The OP Amitks' argument seems deeply flawed to me. My chief difficulty at this point lies in his attempt to infer
$f(x) - f(0) = \lambda f'(x) \tag 1$
from
$Tf(x) = \displaystyle \int_0^x f(t) \; dt = \lambda f(x); \tag 2$
if we differentiate the equation
$\displaystyle \int_0^x f(t) \; dt = \lambda f(x) \tag 3$
we should obtain, if I am not mistaken,
$\lambda f'(x) = f(x); \tag 4$
the term "$-f(0)$" should not occur on the left of (1).
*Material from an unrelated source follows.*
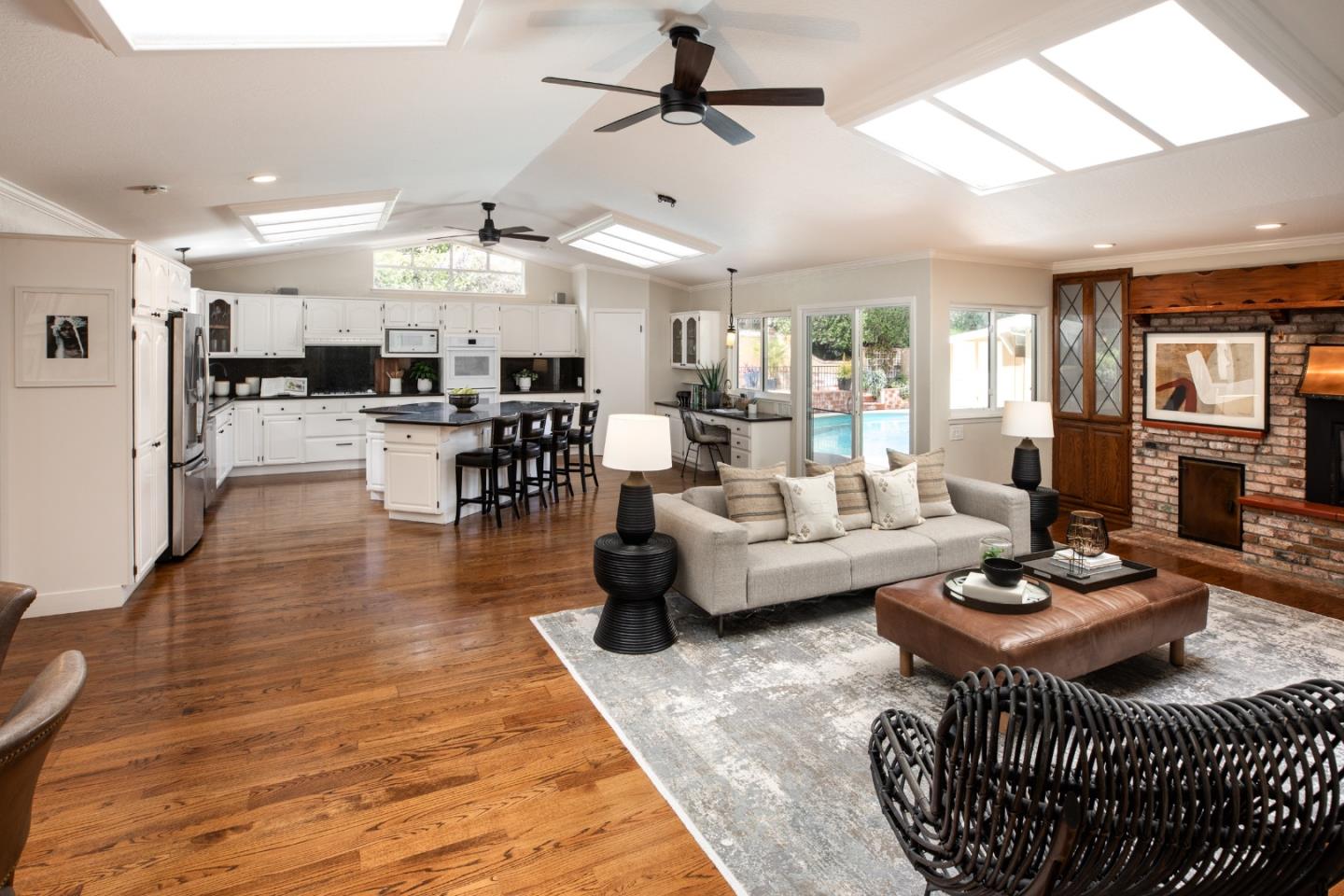 252 Raymundo Drive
After that, our OP asserts that
$(f(x) - f(0))^\lambda = e^{\mu x}; \tag 5$
not to put too fine a point on it but, frankly, I have no idea how (5) follows from (1).
I'll leave off further commentary on Amitks' attempt, turning instead to my analysis of this problem:
We recall to begin that eigenvectors, by definition, cannot vanish; we shall use this fact more than once it what follows.
We also need to know that, for $f(x)$ continuous and fixed $x_0 \in \Bbb R$, $\int_{x_0}^x f(t) \; dt$ is differentiable and
$\left ( \displaystyle \int_{x_0}^x f(t) \; dt \right )' = f(x); \tag 6$
(6) is in fact a statement of the Fundamental Theorem of Calculus, and will find more than one application below.
First let us consider the case $\lambda = 0$; then the eigen-equation $Tf(x) = \lambda f(x)$ reads
$Tf(x) = \displaystyle \int_0^x f(t) \; dt = 0, \; \forall x \in \Bbb R; \tag 7$
if we differentiate (7) and use (6) we find
$ f(x) = \left ( \displaystyle \int_0^x f(t) \; dt \right )' = 0, \; \forall x \in \Bbb R; \tag 8$
since eigenfunctions cannot identically vanish, this shows that $0$ cannot be an eigenvalue of $T$.
Now for $\lambda \ne 0$, the eigen-equation appears as in (2); we may as we have said differentiate this to yield
$\lambda f'(x) = f(x), \; \forall x \in \Bbb R, \tag 9$
or
$f'(x) = \lambda^{-1} f(x); \tag{10}$
at this point it proves most convenient to invoke a little bit from the elementary theory of ordinary differential equations and assert the uniqueness of the solution to (10) for any $f(0)$; that is,
$f(x) = f(0) e^{\lambda^{-1}x} \tag{11}$
is the only function satisfying (10) for a given value of $f(0)$; then
$Tf(x) = \displaystyle \int_0^x f(t) \; dt = f(0) \int_0^x e^{\lambda^{-1} t} \; dt = f(0) \lambda ( e^{\lambda^{-1} x} - e^0 ) = f(0) \lambda (e^{\lambda^{-1} x} - 1), \tag{12}$
but
$\lambda f(x) = f(0) \lambda e^{\lambda^{-1}x}, \tag{13}$
whence
$Tf(x) = f(0) \lambda (e^{\lambda^{-1} x} - 1) \ne f(0) \lambda e^{\lambda^{-1} x} = \lambda f(x) \tag{14}$
unless $f(0) = 0$; but then by (11) this forces
$f(x) = 0, \; \forall x \in \Bbb R, \tag{15}$
which is forbidden according to the definition of eigenvector. So $\lambda \ne 0$ cannot be an eigenvalue of $T$.
We conclude that $T$ has no eigenvalues whatsoever.